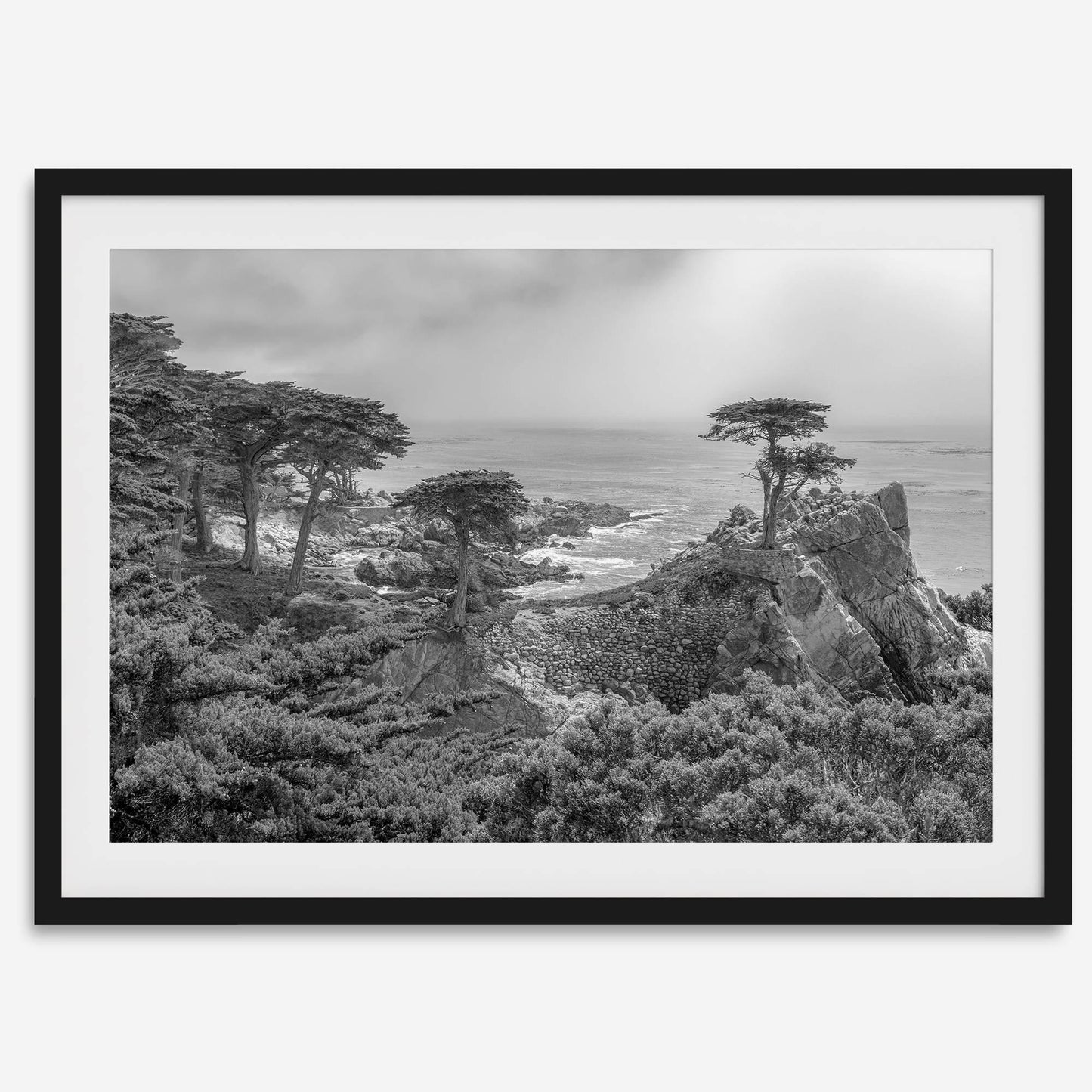 Lone Cypress B&W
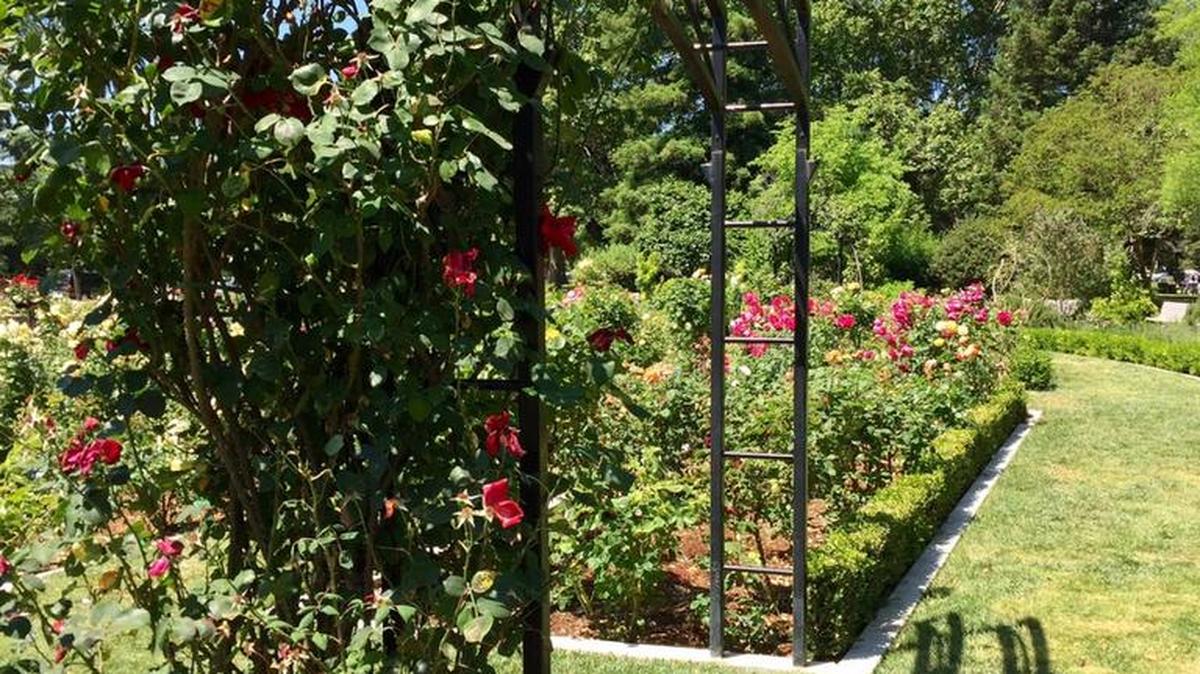 A sculptured wrought-iron trellis, one of 16 used to support climbing roses, was stolen from McKinley Park’s memorial rose garden.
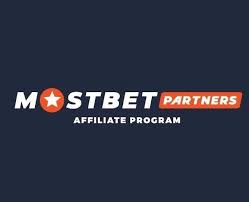 Take a Chance on Winning Your Guide to Successful Betting Take a Chance on Winning Your Guide to Successful Betting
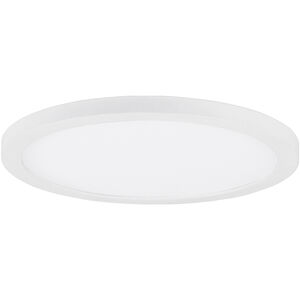 Chip - 5CCT White Utility Items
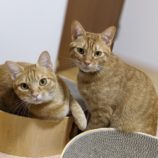 2月25日千葉店に参加するねこけん千葉支部の保護猫01
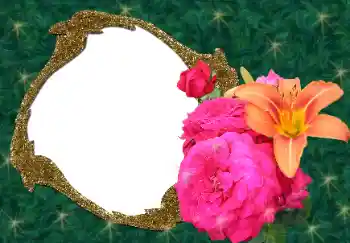 照片效果分类 女性相框 № 34688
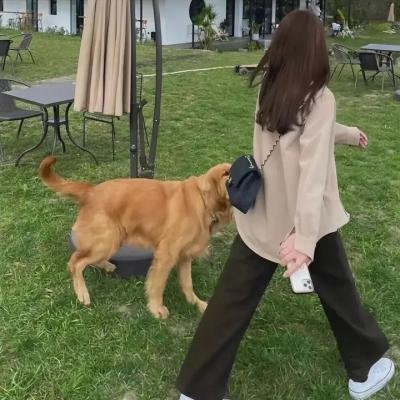 断箭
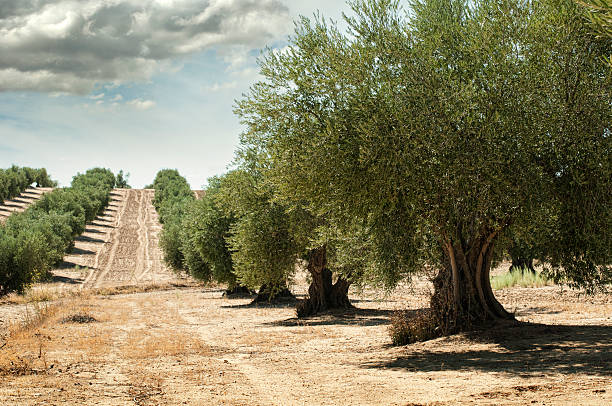 оливковые деревьев - оливковое дерево стоковые фото и изображения
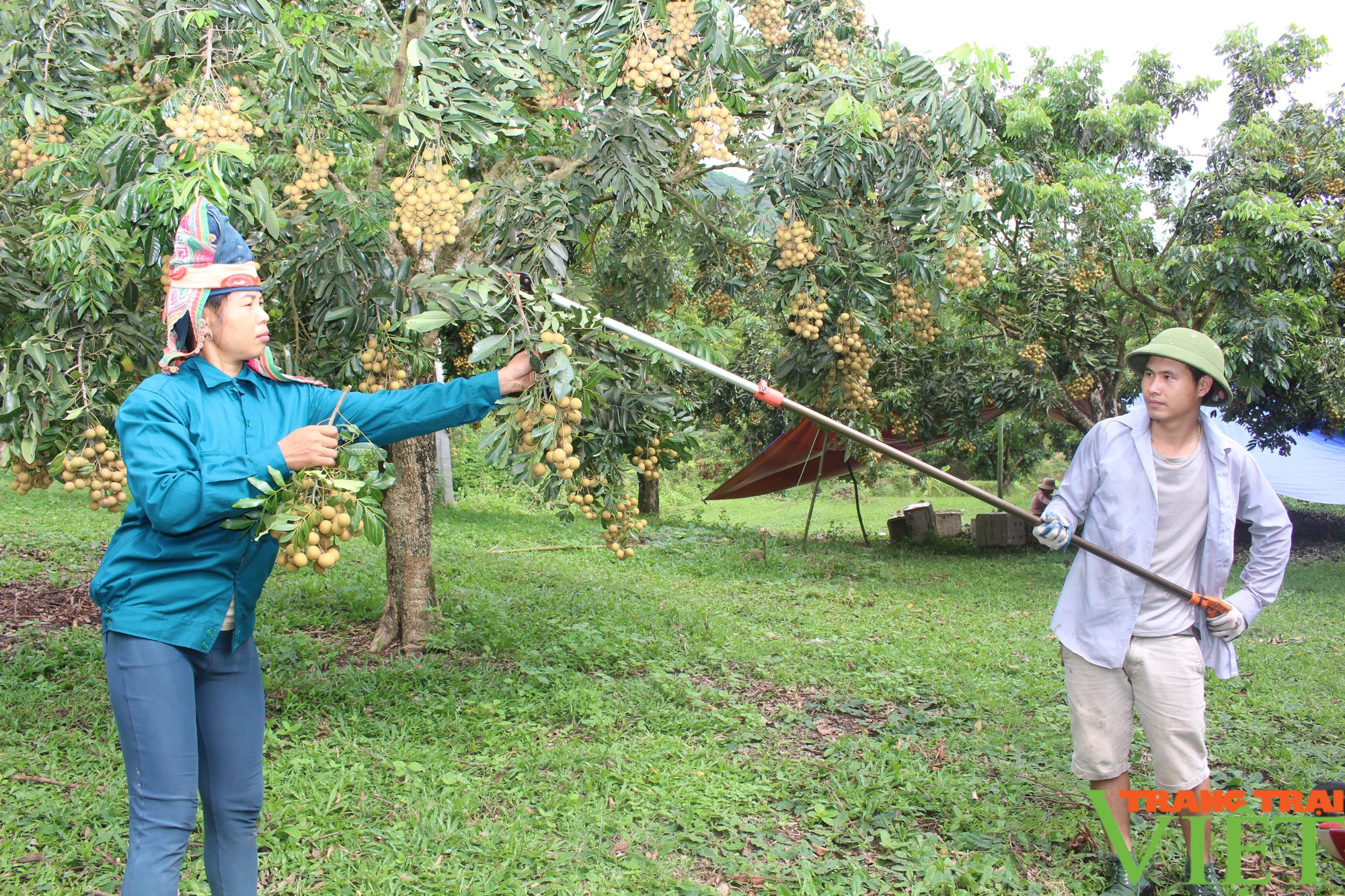 Huyện vùng biên Sơn La xây dựng vùng cây ăn quả chất lượng cao - Ảnh 2.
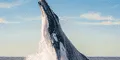 Miles de ballenas migran desde la Antártida hacia Perú: dónde verlos tras el inicio de la temporada de avistamientos 2025
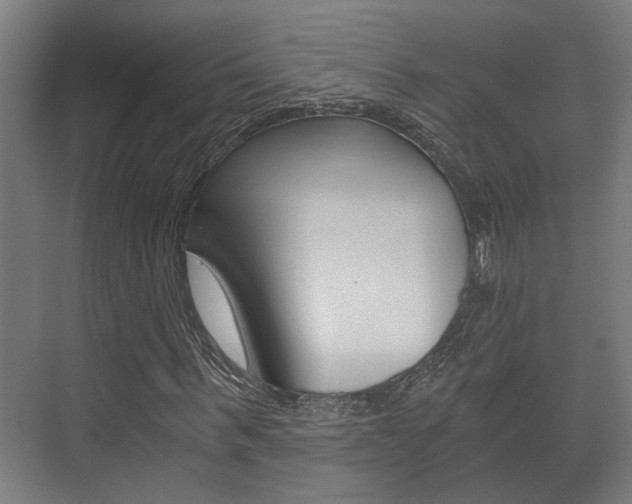 X0000073700963200608031010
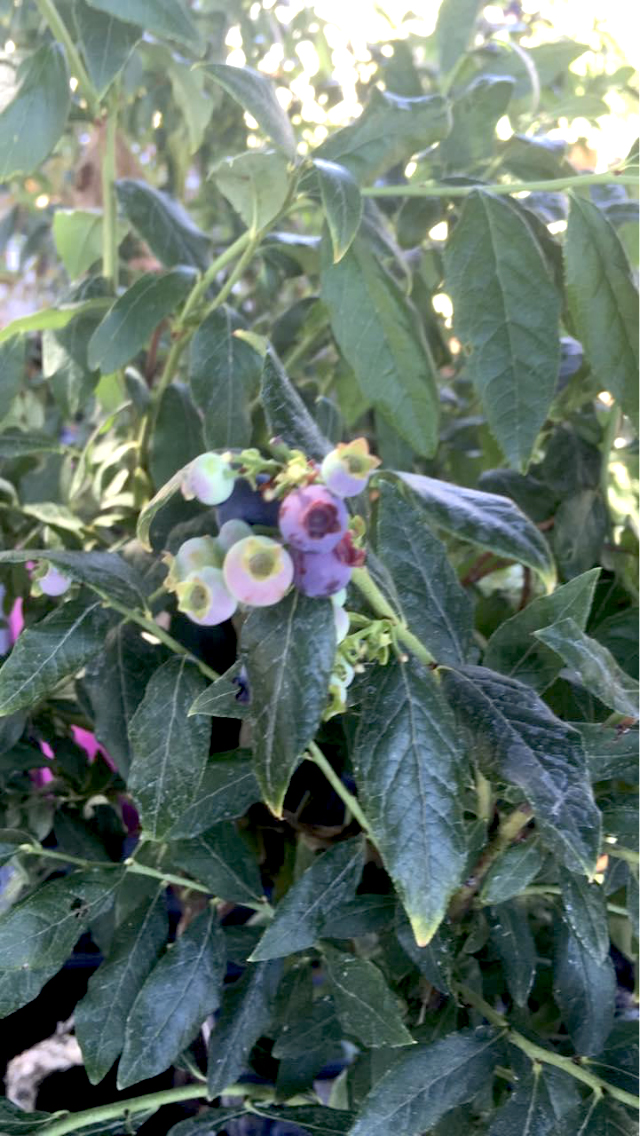 Mirtillo americano ‘Hortblue Petite’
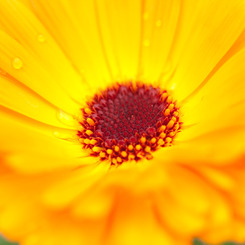 花の中心９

**WORK ORDER**. Since the copy must hold no pictures, repeat everything else in the records exactly as written.

**SOLUTION**.
 Lone Cypress B&W
 A sculptured wrought-iron trellis, one of 16 used to support climbing roses, was stolen from McKinley Park’s memorial rose garden.
 Take a Chance on Winning Your Guide to Successful Betting Take a Chance on Winning Your Guide to Successful Betting
 Chip - 5CCT White Utility Items
 2月25日千葉店に参加するねこけん千葉支部の保護猫01
 照片效果分类 女性相框 № 34688
 断箭
 оливковые деревьев - оливковое дерево стоковые фото и изображения
 Huyện vùng biên Sơn La xây dựng vùng cây ăn quả chất lượng cao - Ảnh 2.
 Miles de ballenas migran desde la Antártida hacia Perú: dónde verlos tras el inicio de la temporada de avistamientos 2025
 X0000073700963200608031010
 Mirtillo americano ‘Hortblue Petite’
 花の中心９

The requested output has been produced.